Estava ela na capa, ao lado do ator gatinho Jamie Dornan, que também faz o Christian Grey de 50 Tons de Cinza — o que pra mim é uma bela bizarrice: a mesma pessoa como sadomasoquista em um lugar e serial killer em outro.
Pra quem não conhece a história, The Fall se passa principalmente em Belfast — Irlanda do Norte — que se bem lembrarmos costuma ser a cidade dos dramas ensanguentados das séries de TV. Diria que é um destino relativamente comum quando se quer trazer “foras da lei”. E, nesse solo, cresce o ódio de um homem por muitas mulheres, também conhecido como misoginia.
Não lembro no total quantas pessoas ele matou, pois no seriado se trazia muito os nomes das mulheres. Acredito que tenha sido uma forma de manter suas identidades, algo que geralmente se perde nesses contextos de muitas mortes, onde vidas se tornam apenas números. Então, nesse caso não interessa quantas foram e sim que o crime aconteceu e se repetiu algumas vezes.
Spoiler alert!
A polícia local começa a se deparar com mortes de mulheres, jovens, com praticamente a mesma aparência física — morenas de cabelo liso — e resolve pedir ajuda de uma profissional com muita experiência nesses casos: Detetive e Superintendente Stella Gibson, diretamente de Londres.

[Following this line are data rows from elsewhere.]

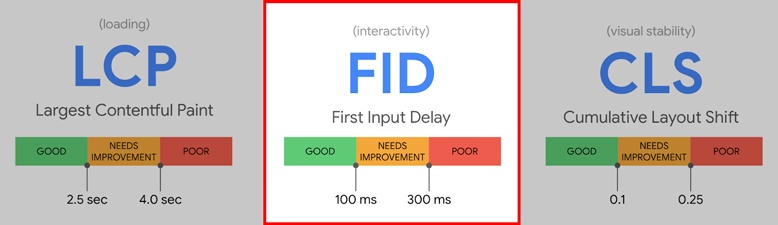 first input delay fid
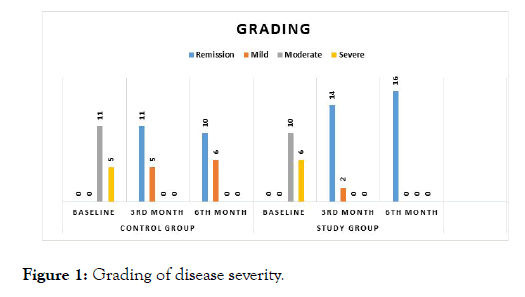 Hepatology-Gastrointestinal-Grading-disease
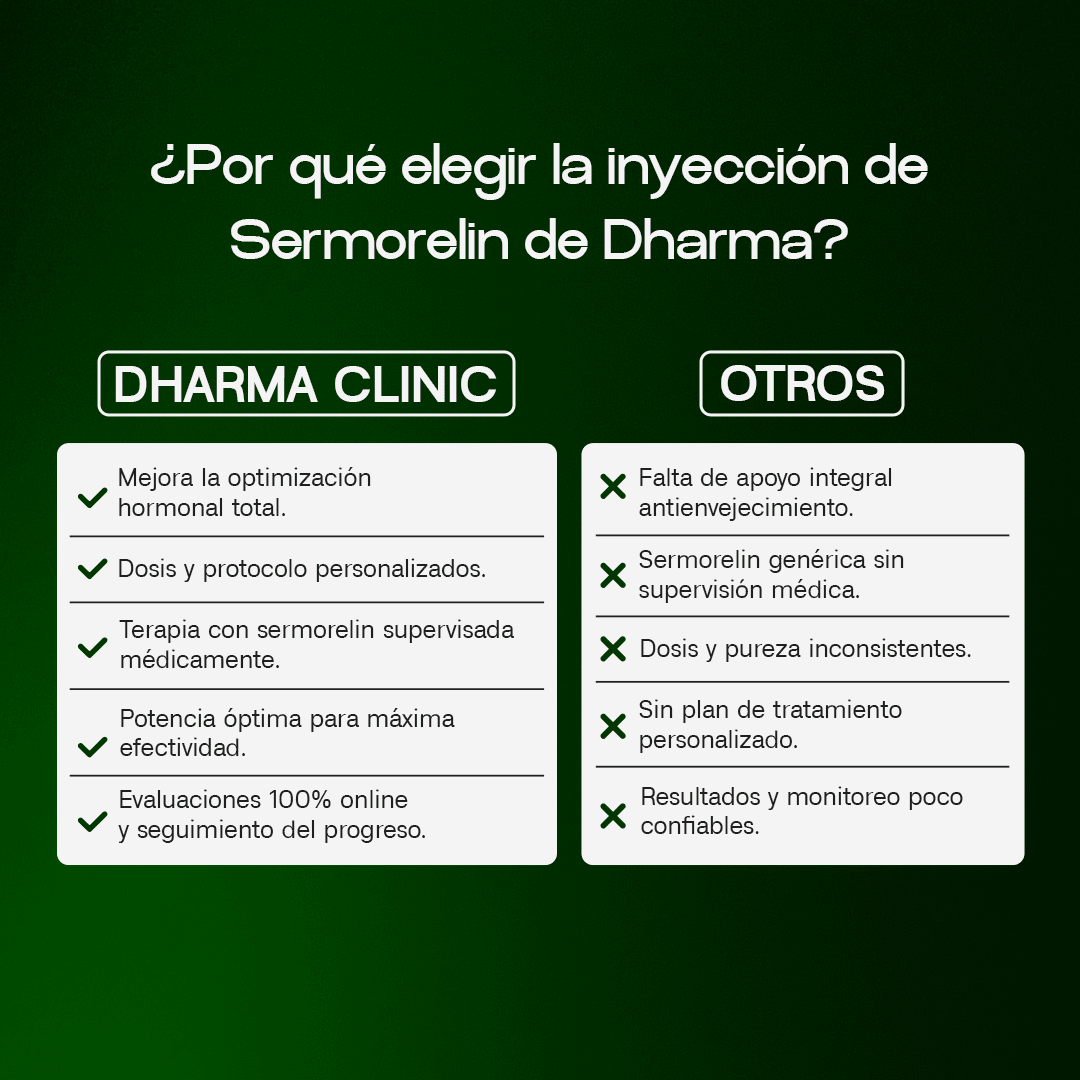 Sermorelin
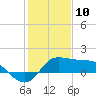 Galveston tide chart for Friday, January 10, 2025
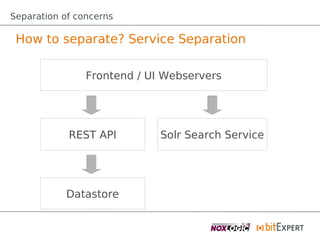 Separation of concerns

 How to separate? Service Separation

                Frontend / UI Webservers




            REST API         Solr Search Service




           Datastore
 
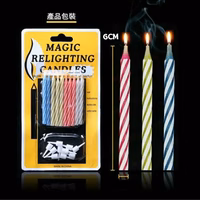 paquete velas magicas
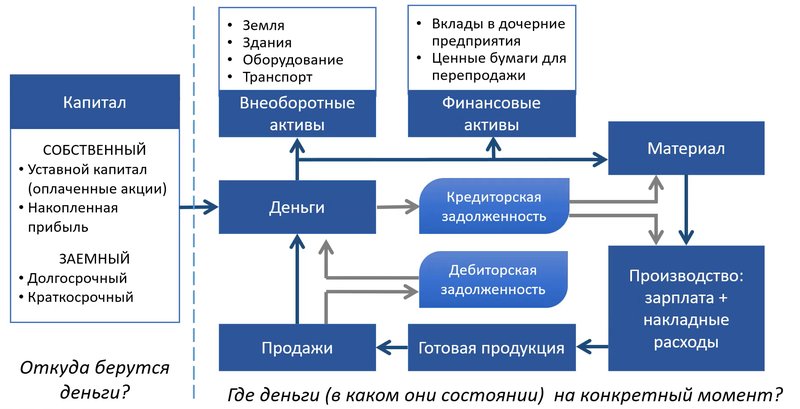 Кругооборот денег в бизнесе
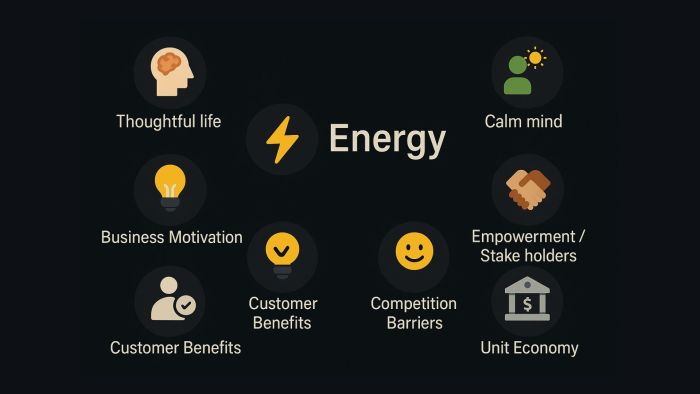 Strategic techniques to start and manage business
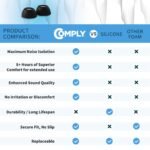 Comply Headphone Ear Tips for AirPods Pro 1 & 2 Gen (Black) [Small] - Image 10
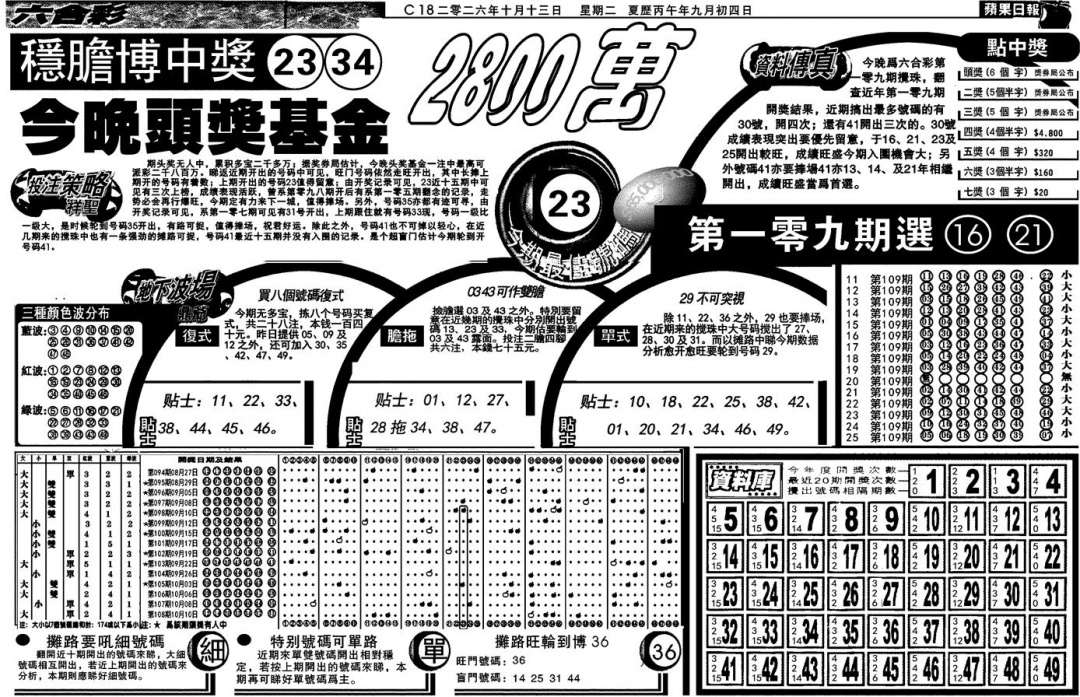 当日苹果日报 第109期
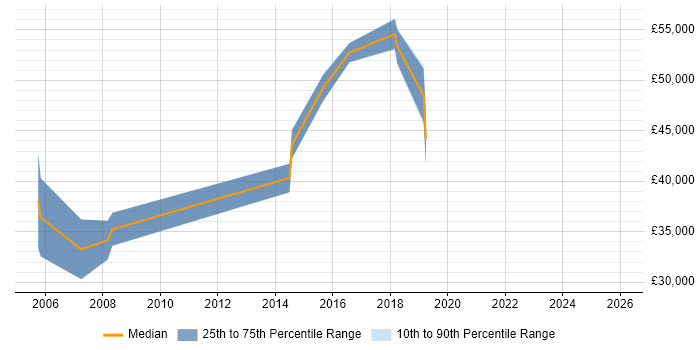 Salary distribution trend for jobs in Glasgow citing Market Research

Ela chega e eu preparo a família para o meu desaparecimento nos próximos dias. The Fall é uma série irlandesa — não sei se tu está familiarizado com produções de outros países — pois os dramas pastelões americanos não fazem parte do enredo. Se há necessidade de poucos ou mais episódios é por ser fundamental. A gente só agradece quando tem mais que 6.
Vamos logo aos spoilers, porque o seriado é foda demais pra ficar medindo as palavras.
Well, a suspeita de traumas e abusos sofridos pelo asssassino, Paul Spector são confirmados na segunda temporada. Ele viveu em alguns orfanatos até atingir a maioridade, pois sua mãe havia se matado quando ele tinha 8 anos, se não me engano. Em um desses lares temporários para meninos, havia um padre que obrigava as crianças a se tocar e masturbar os adultos responsáveis pelo espaço na frente dos demais.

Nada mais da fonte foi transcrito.